Every line from the start of the records through the line with "Twisted hoop earrings" is to be written out exactly; pictures are not.

● INPUT FOR THIS TASK:

-- Opening Marker --

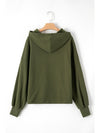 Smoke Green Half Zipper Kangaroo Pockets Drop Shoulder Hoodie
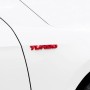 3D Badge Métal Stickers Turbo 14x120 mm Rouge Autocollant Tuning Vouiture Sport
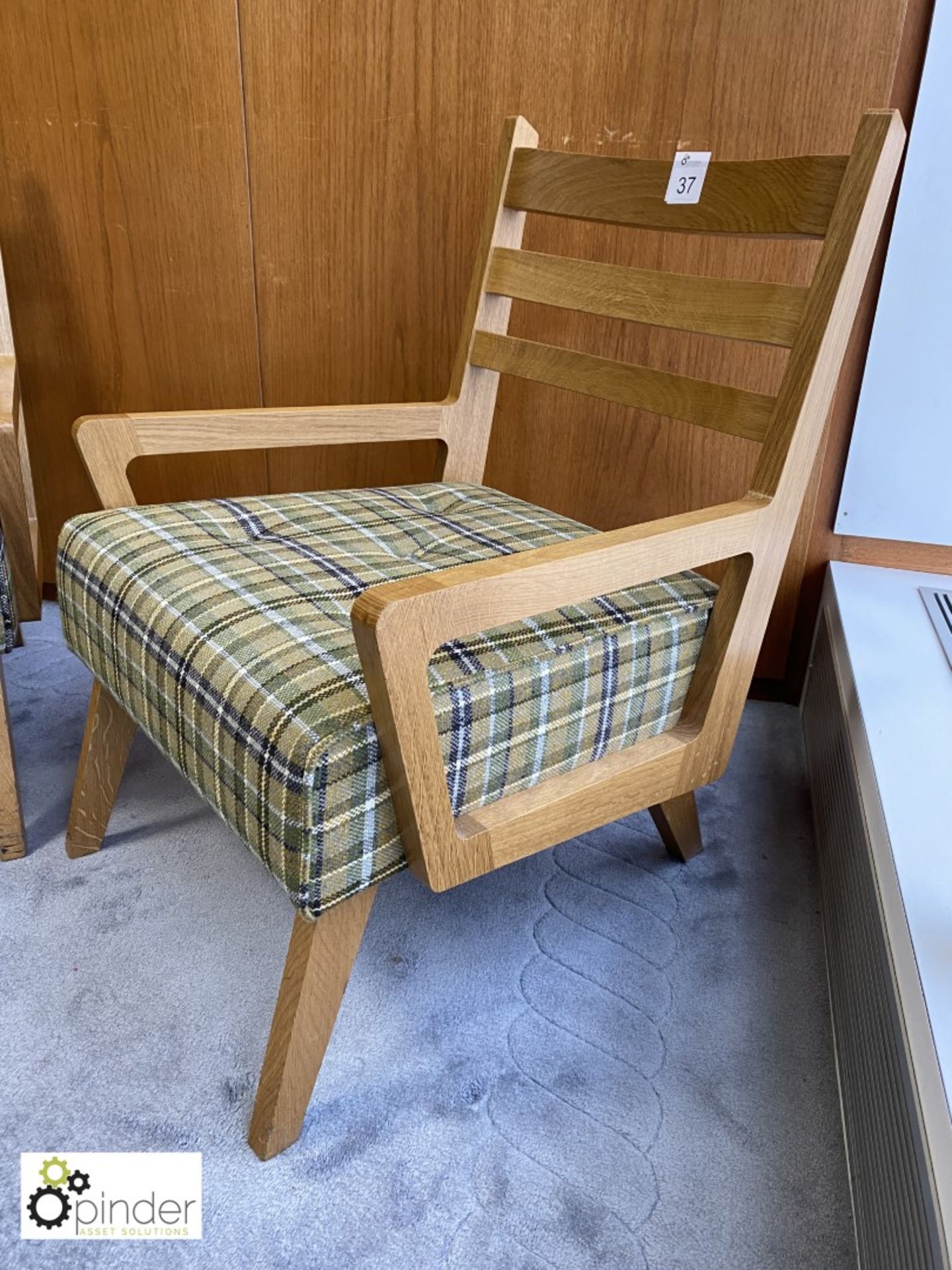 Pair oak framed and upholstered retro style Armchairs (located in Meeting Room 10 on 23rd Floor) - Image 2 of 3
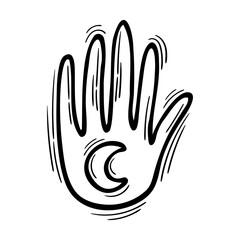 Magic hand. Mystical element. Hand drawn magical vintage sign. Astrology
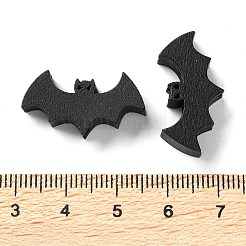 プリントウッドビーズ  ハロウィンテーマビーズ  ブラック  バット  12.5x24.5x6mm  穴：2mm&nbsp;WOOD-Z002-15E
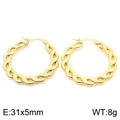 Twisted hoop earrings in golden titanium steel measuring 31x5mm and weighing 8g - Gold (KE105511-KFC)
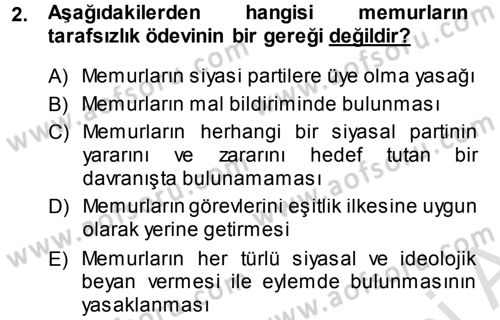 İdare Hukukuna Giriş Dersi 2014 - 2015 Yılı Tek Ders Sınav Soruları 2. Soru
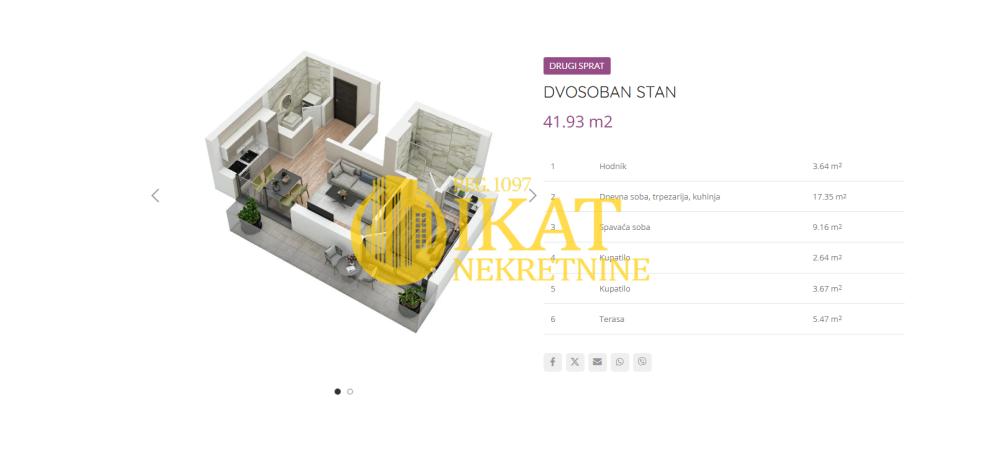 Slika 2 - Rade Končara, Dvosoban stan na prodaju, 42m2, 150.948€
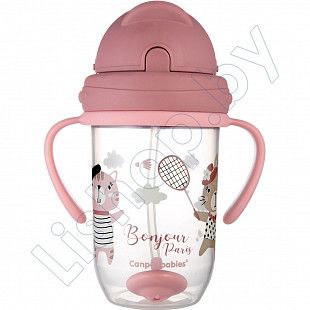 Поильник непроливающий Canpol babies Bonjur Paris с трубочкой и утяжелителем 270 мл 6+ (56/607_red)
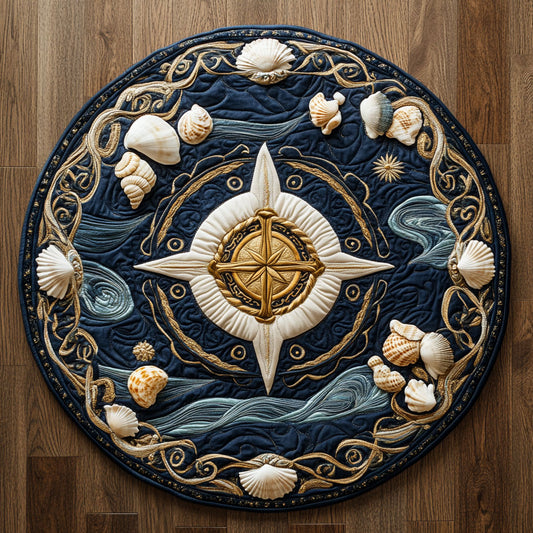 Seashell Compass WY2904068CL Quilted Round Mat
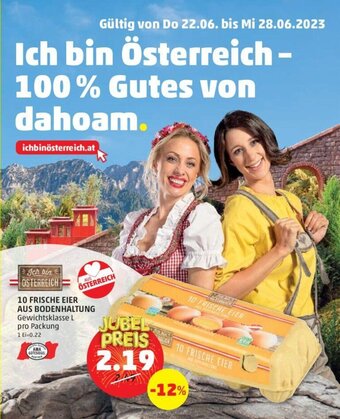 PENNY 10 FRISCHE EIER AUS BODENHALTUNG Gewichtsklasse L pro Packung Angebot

-- Closing Marker --

● TASK RESULT:
 Smoke Green Half Zipper Kangaroo Pockets Drop Shoulder Hoodie
 3D Badge Métal Stickers Turbo 14x120 mm Rouge Autocollant Tuning Vouiture Sport
 Pair oak framed and upholstered retro style Armchairs (located in Meeting Room 10 on 23rd Floor) - Image 2 of 3
 Magic hand. Mystical element. Hand drawn magical vintage sign. Astrology
 プリントウッドビーズ  ハロウィンテーマビーズ  ブラック  バット  12.5x24.5x6mm  穴：2mm&nbsp;WOOD-Z002-15E
 Twisted hoop earrings in golden titanium steel measuring 31x5mm and weighing 8g - Gold (KE105511-KFC)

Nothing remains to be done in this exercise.